One cost saving operation of metal stamping is called progressive stamping which applies at least three stamping operations with one machine. An example of this is one that involves punching, coining, and bending. This is done in alternating patterns, producing one part after another in seconds, thus increasing efficiency and saving time, which in turn saves money.
Piercing, one of the most widely used metal stamping operations, produces usable shapes from a metal strip or sheet, discarding the punched-out portions and instead using whatever is left of the metal web. An example is shown below in its simplest form of a piercing operation, including perforating and notching.
Piercing of all holes is best done together to ensure good hole-to-hole tolerance and part repeatability. However if the material distorts, the method described below can be done. When there are large numbers of holes, in a tight pitch, there could be distortions, due to the high amount of tension on the upper surface and stretching and compression on the bottom surface. This causes the material not to lay flat. This can be avoided/lessened by staggering the piercing of the holes. Holes are punched in a staggered pattern; then the other holes are punched in the alternate staggered pattern.

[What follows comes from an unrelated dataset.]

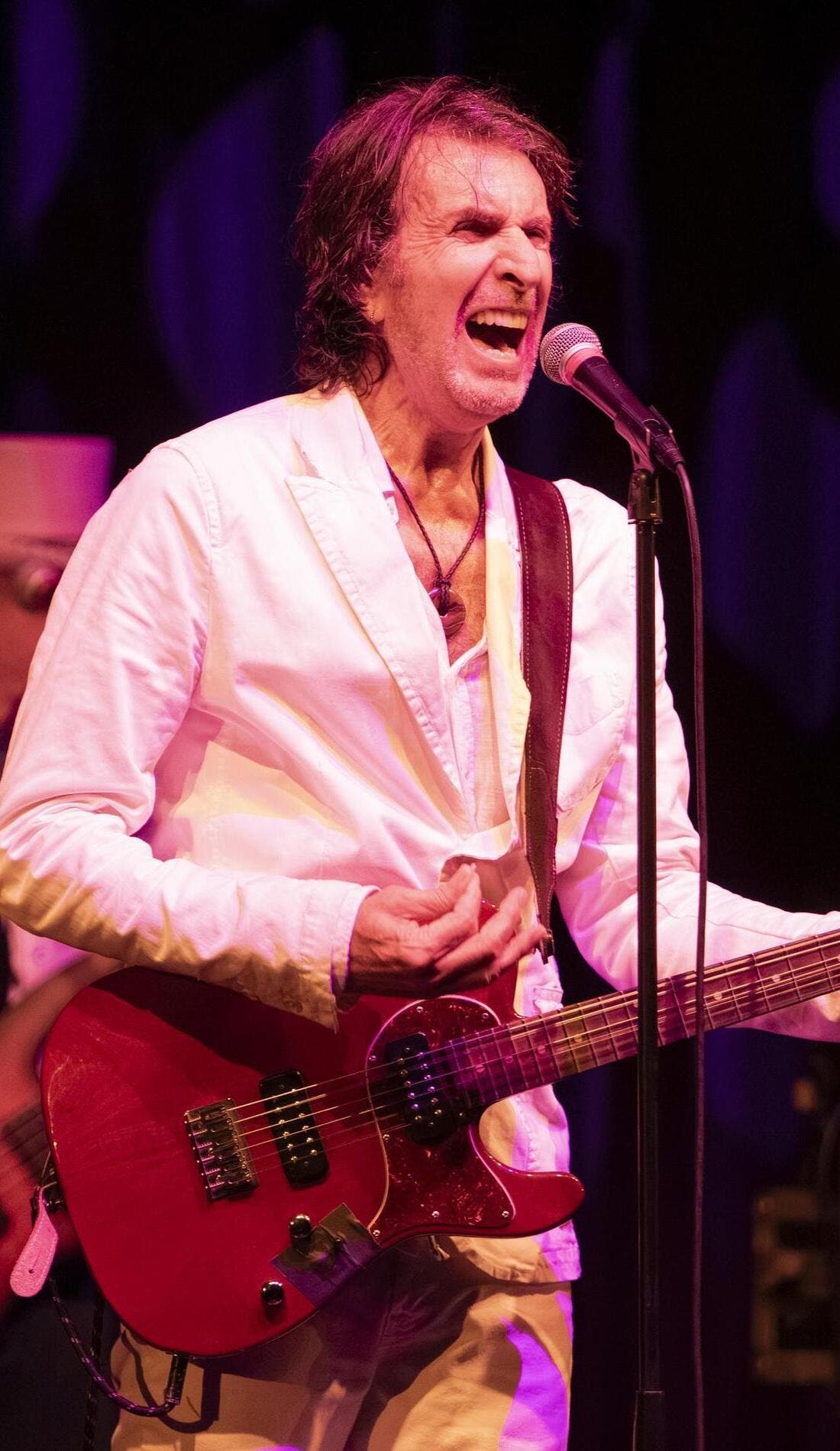 The Fixx promotional image for upcoming events and ticket sales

- Minimum hole diameter should be at least 20 % greater than stock thickness. When using stainless steels, it should be 2 times the material thickness.
- Minimum wall thickness (distance from hole to edge or hole to hole) should be at least 2 times stock thickness.
- For non-round slots, the minimum wall thickness should be 2 times thickness for short slots < 10 thicknesses long; and 4 times thickness for long slots > 10 thicknesses long.
- Minimum hole (and short slot) to bend distance should be 2.5 × the stock thickness + bend radius.
- For long slots, the distance should be 4 × the stock thickness + bend radius.
- “Spring back” is different for different materials (i.e. stainless steel generally has to be bent further than carbon steel as it has higher “spring back” properties.